Gentoo Forums
Gentoo Forums
Gentoo Forums
Quick Search: in
source archives cleanup for distfiles - yes, another one
View unanswered posts
View posts from last 24 hours

 
Reply to topic    Gentoo Forums Forum Index Documentation, Tips & Tricks
View previous topic :: View next topic  
Author Message
bunsen
Tux's lil' helper
Tux's lil' helper


Joined: 10 Aug 2003
Posts: 105

PostPosted: Thu Nov 24, 2005 8:30 am    Post subject: source archives cleanup for distfiles - yes, another one Reply with quote

This is my concoction for cleaning up source archives from /usr/portage/distfiles. Since writing it I've discovered there's a lot of dialogue in the forum and several scripts with similar purposes. What I've noticed is that support of LAN situations such as my own are not as well catered for, so I'm offering my method and notes. I don't expect it to suit everyone, nor go into a lengthy dialogue about it. Hopefully it will be good for some of you.

On my LAN there are several nodes running gentoo and they all use a common /usr/portage tree through NFS running on one of the nodes. That conserves my disc space and external network traffic. From my desktop computer I use ssh to get interactive shells on the others.

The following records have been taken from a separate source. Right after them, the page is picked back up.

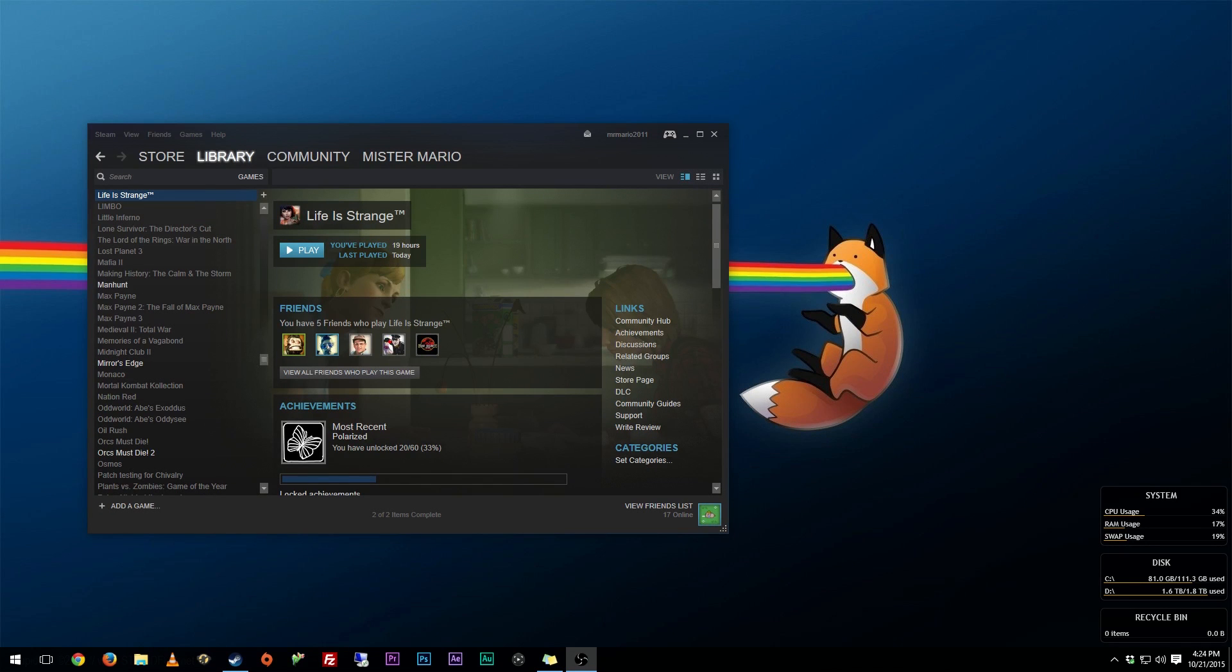Hey, what's going on everyone? It is me, Mr. Mario, and I'm bringing you this quick tutorial. I'm going to show you all how you can get Life is Strange running on Windows 10.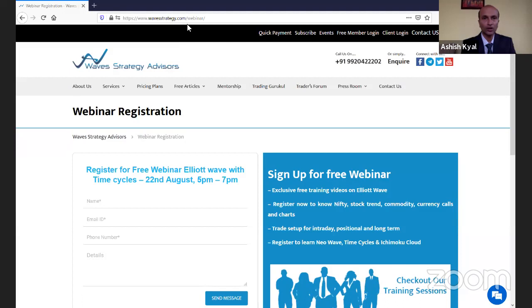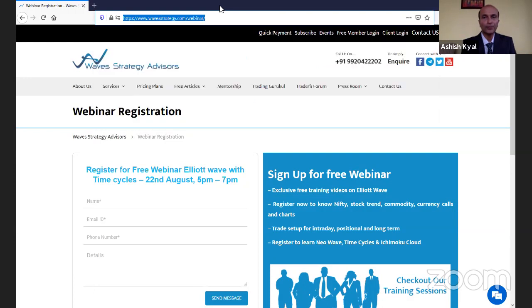What I want you to do is simply register yourself for the program on Saturday at five. I'll share my screen — you have to go to the website wavesstrategy.com/webinar. Once you go there, you can simply register yourself and fill in the form, and we will send you the invite for Saturday at five.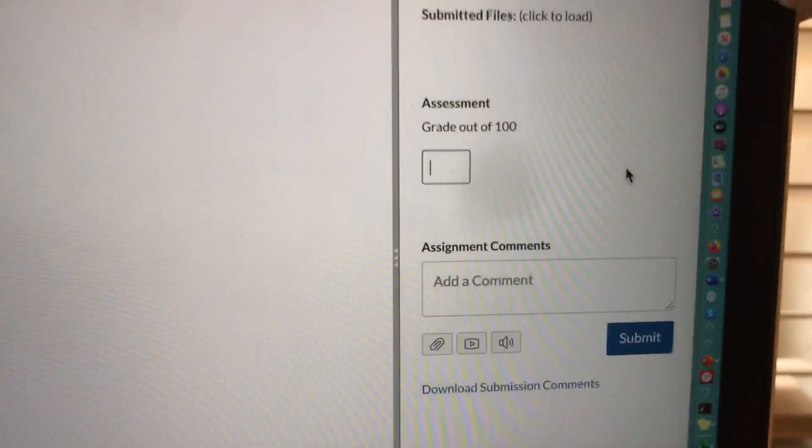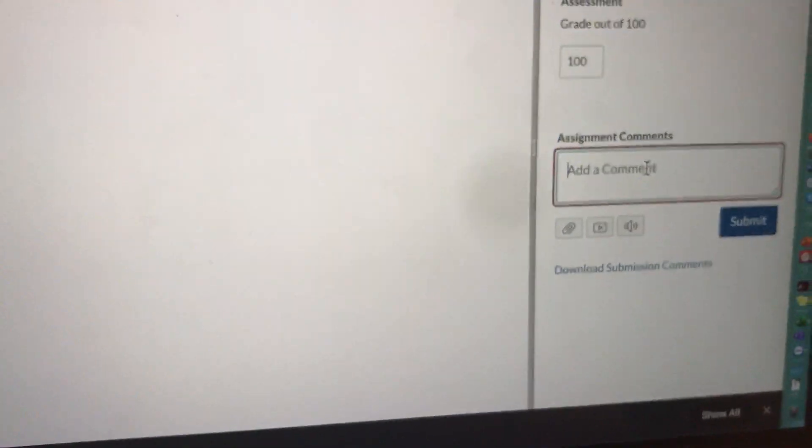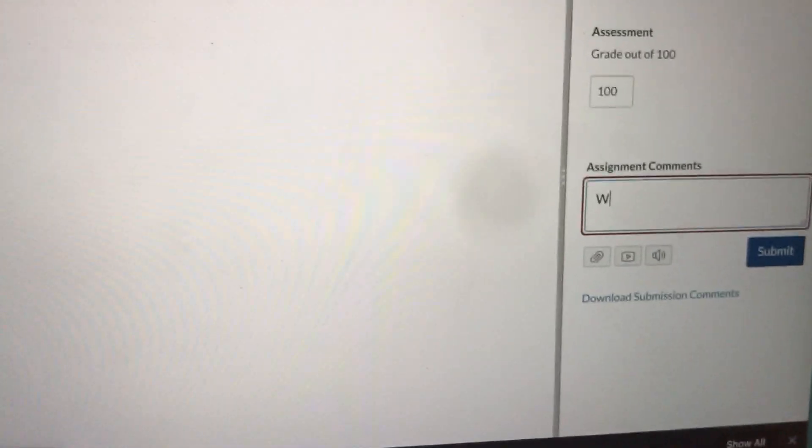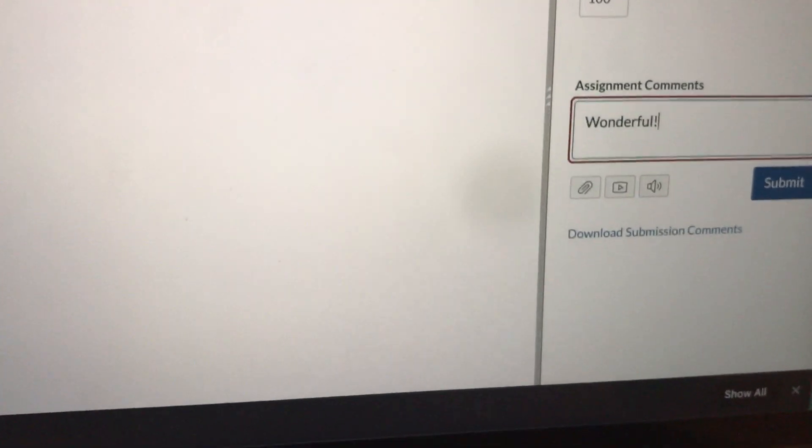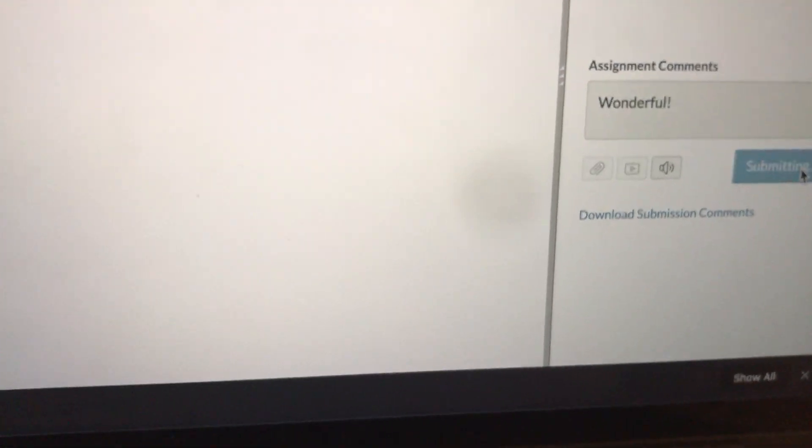I'm going to go ahead and give this student a grade out of a hundred. I'm going to give him a hundred and in the comments box I'm going to say wonderful and I'm going to hit submit.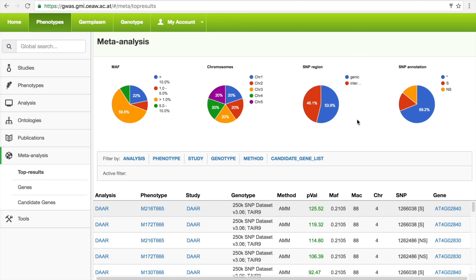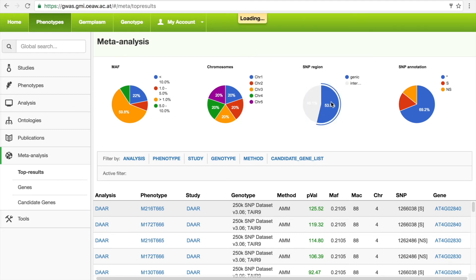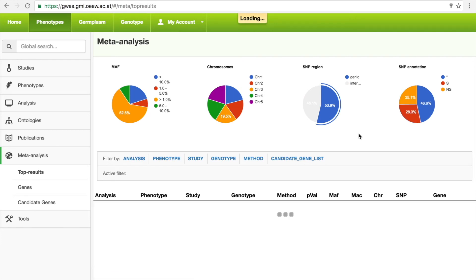The user can drill down into this huge list by clicking on a slice of any of the pie charts. For example, we are only interested in genic SNPs, so we choose the corresponding slice which filters the list to 1.5 million SNPs and updates the table.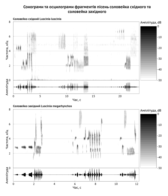Bioacoustics is a cross-disciplinary science that combines biology and acoustics. Usually it refers to the investigation of sound production, dispersion, and reception in animals.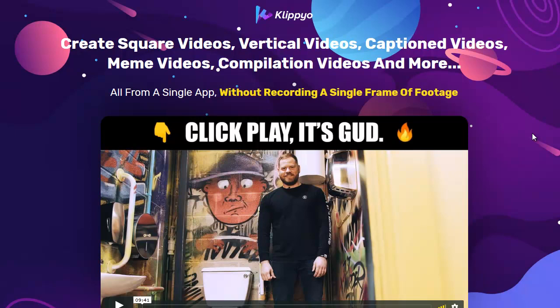Hey everybody, it's Wade Allen from TrueReviewer.com and welcome to this video on Clipio. Clipio is blowing up right now. It just got released this morning and it's from the people that did Vidveo — that was one of the most successful video production platforms ever released for internet marketing. So this is a pretty big deal.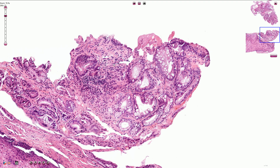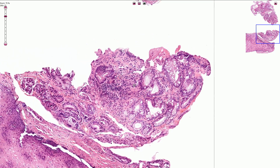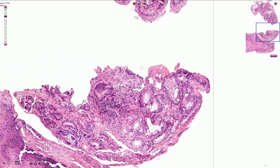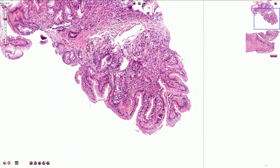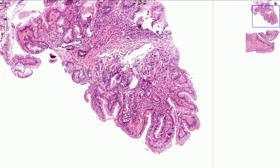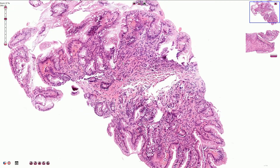Barrett's esophagus is not a purely histological diagnosis. We need to correlate the presence of intestinal metaplasia with endoscopic findings, mostly because we need to exclude the presence of intestinal metaplasia in the stomach — so-called gastric intestinal metaplasia — which could be associated with H. pylori infection.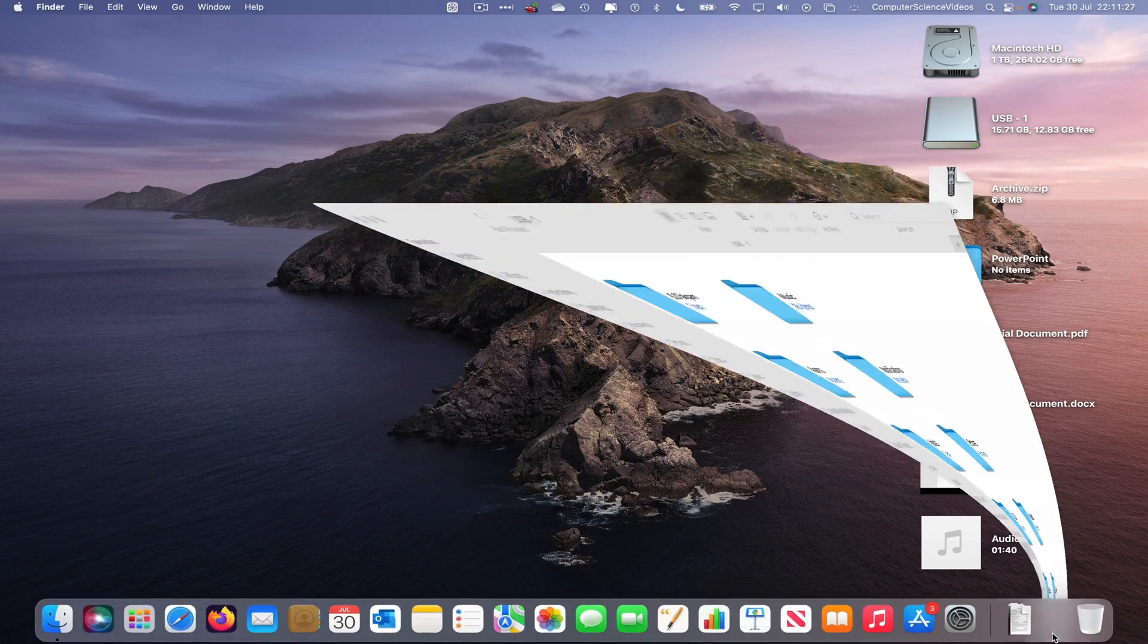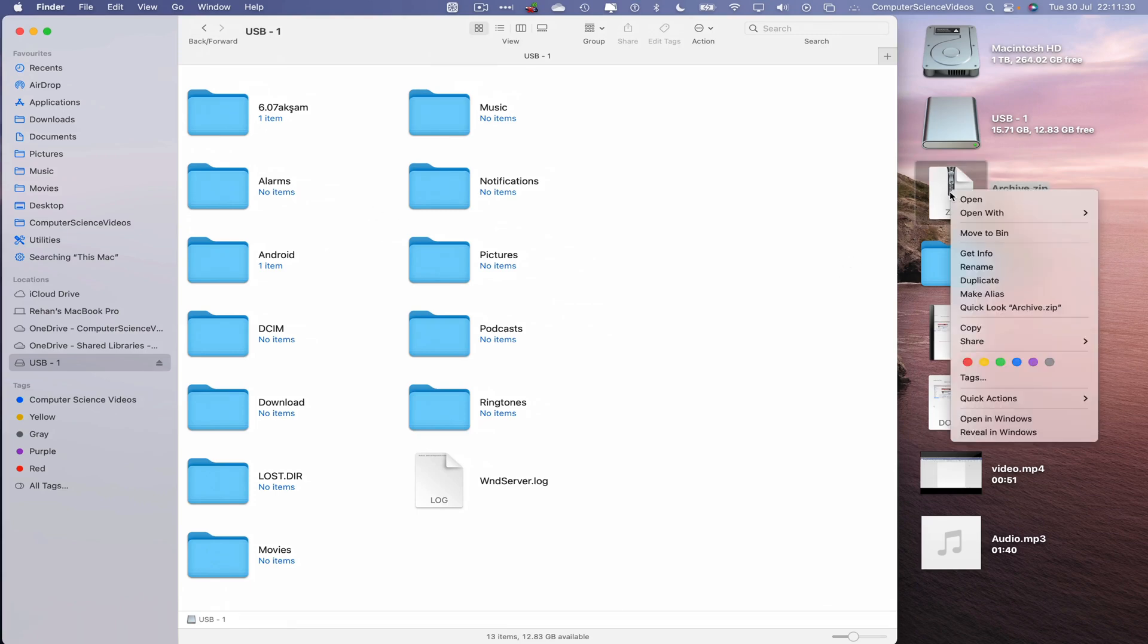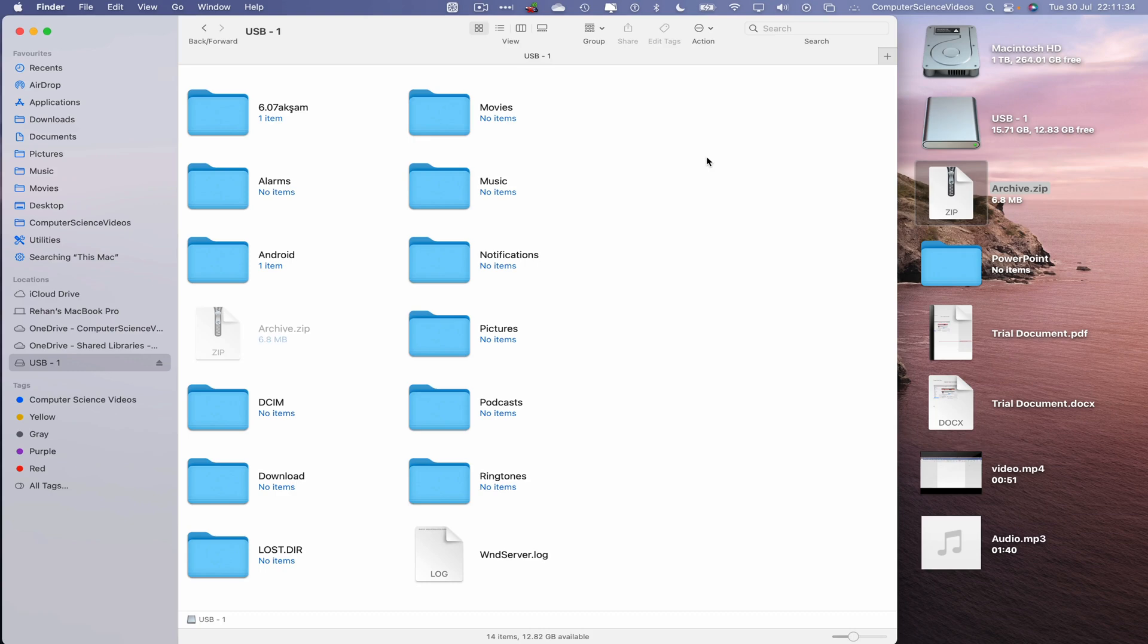Go back to finder, USB-1. Take that archive.zip file, copy, Command V to paste.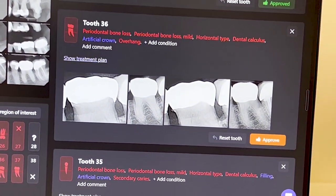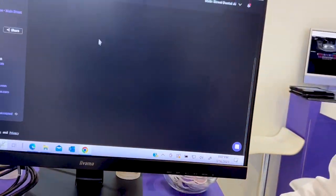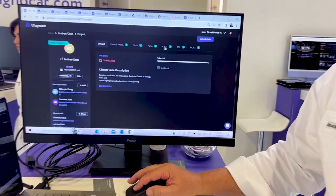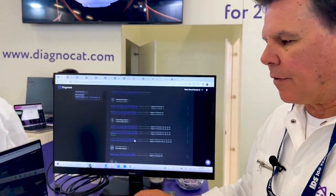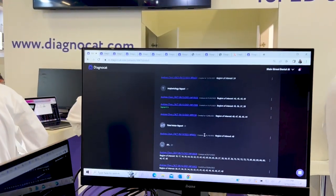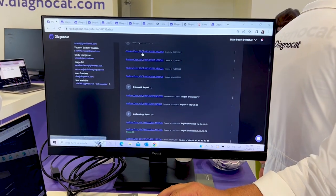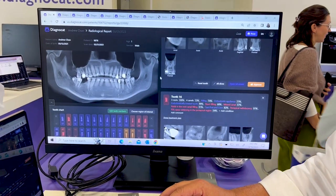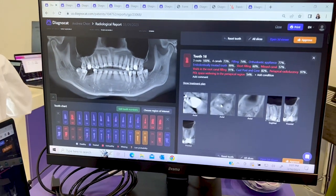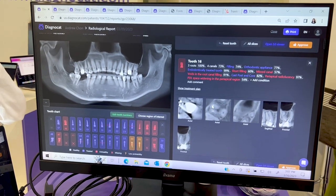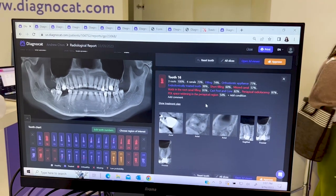We do 2D and 3D, so we can also do a CBCT. It'll find over 65 conditions on 3D. Let me show you a report — up comes the report just like the 2D, but you also have the slices so you can get a very detailed diagnosis by Diagnacat.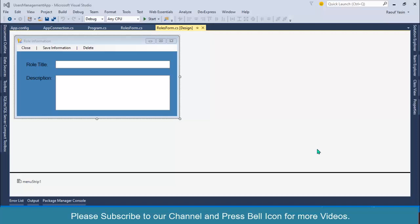Welcome to our channel. I am Rofiasine, and in this video we will create a new form for displaying users in the DataGridView. In the previous video, we performed an insert operation and saved our user successfully to the database.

In cleaning out distfiles I have one objective: delete only the source archives that are not required by any currently installed package on any of the gentoo nodes. I leave CVS sources alone as I don't really understand what ought to be deleted, probably since I don't generally use them.

All the commands are to be found on a minimal system, so you should already have them: grep, sed, gawk, join, cat, find, sort and emerge.

I've made improvements since posting this and for clarity would prefer to update this post, but a part of it has been referenced elsewhere, at least by me, in relation to another problem, so I'm putting the new and improved version a couple of posts later. The original method seems to have missed a few sources and deleted them unecessarily.



  • Step 1. On each node, try to update all packages first with either

    Code:
    emerge -up world
    or
    Code:
    emerge -upD world


  • Step 2. On each node, check that all installed packages e-builds are still in portage. This is, for me, the curious part. In trying to identify the needed source archives, I found several installed packages that were not updated by emerge -upD world|system. The e-builds had been removed from portage. In all cases they were updated by just re-emerging the specific packages.
    Run this on each node:

    Code:
    ACCEPT_KEYWORDS="~x86" /usr/bin/emerge -p  2>&1 `find /var/db/pkg/* -mindepth 1 -maxdepth 1 |  sed 's/\/var\/db\/pkg\///' | gawk '{print "="$1}'`


    If any installed packages with deleted e-builds exist, this string of commands will report the offending package and version one at a time. Perhaps it's a flaw in portage. Maybe someone can enlighten me.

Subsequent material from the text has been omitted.